All of that, all of this pilgrimage toward the kingdom of God is either done together or not at all. And as we do this, we encourage one another. We build one another up, especially the ones with whom we have a hard time, those ones we're tempted to avoid and neglect or worse.

As St. Paul says in the epistle that we've heard today, "Who are you to judge another man's servant?" You know: "What exactly are you eating or not eating? Are you following every little detail of the fasting rules?" Or: "Look at that. Oh, I see something that doesn't belong on your plate," or any other part of our lives. "Who are you to judge another man's servant? To his own master he will stand or fall, and God will make him stand," St. Paul says.

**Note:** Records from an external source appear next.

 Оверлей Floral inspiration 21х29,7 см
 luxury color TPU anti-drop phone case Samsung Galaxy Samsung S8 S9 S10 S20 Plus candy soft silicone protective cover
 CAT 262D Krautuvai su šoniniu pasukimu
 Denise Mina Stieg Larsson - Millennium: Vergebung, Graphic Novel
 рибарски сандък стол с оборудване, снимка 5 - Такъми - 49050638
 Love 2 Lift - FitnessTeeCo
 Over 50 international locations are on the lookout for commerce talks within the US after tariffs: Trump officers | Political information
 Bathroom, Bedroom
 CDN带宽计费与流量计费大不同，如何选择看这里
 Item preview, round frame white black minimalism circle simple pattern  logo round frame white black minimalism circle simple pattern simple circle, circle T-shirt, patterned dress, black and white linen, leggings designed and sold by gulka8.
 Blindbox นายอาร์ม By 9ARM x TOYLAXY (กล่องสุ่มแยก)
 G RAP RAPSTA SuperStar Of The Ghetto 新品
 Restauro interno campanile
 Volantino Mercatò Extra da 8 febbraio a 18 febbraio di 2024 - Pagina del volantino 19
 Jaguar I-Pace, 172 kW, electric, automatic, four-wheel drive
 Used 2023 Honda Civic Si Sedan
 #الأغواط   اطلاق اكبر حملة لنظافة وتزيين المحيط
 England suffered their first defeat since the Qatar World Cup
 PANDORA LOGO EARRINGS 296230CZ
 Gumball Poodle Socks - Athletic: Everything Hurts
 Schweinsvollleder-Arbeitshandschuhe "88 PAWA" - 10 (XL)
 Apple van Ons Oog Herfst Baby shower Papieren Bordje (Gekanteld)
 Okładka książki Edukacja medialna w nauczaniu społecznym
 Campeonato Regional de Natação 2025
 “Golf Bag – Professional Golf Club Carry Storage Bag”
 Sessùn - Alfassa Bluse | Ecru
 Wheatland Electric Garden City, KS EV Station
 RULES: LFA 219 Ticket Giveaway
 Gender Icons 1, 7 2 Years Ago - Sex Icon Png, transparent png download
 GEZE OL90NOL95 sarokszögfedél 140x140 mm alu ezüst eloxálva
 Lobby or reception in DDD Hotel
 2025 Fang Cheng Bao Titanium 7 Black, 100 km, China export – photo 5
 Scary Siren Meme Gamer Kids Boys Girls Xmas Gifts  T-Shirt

And so it is to his own master that servant is accountable, not to you and me. It's not for us to know what is going on in each person's secret heart. We cannot know. And we must not judge by outward appearances what we think we understand is going on in somebody's life.

But rather we look on one another with forbearance, with loving responsibility, as fellow servants of the same master, and knowing that none of us are quite getting the job right, but we're still trying.

And so we begin today as we truly enter into the beginning of Lent with Forgiveness Vespers. We will complete it today with the rite of forgiveness, confronting one another awkwardly, not quite sure of what we're doing, knowing we haven't quite got it right yet. We don't imagine that we already know exactly how it is to reconcile with one another, how to make everything right with one another, as if we're already at peace, already completely at one with one another. But we're trying, we're working at it.

And so as fellow servants, we commend one another to the hard work—the hard work, but the good work—of pursuing forgiveness and reconciliation and repentance, learning righteousness and love, that we may grow up into our true identity in Christ and may all find the place where we belong in his heavenly kingdom.

Amen. Glory to Jesus Christ. Glory forever.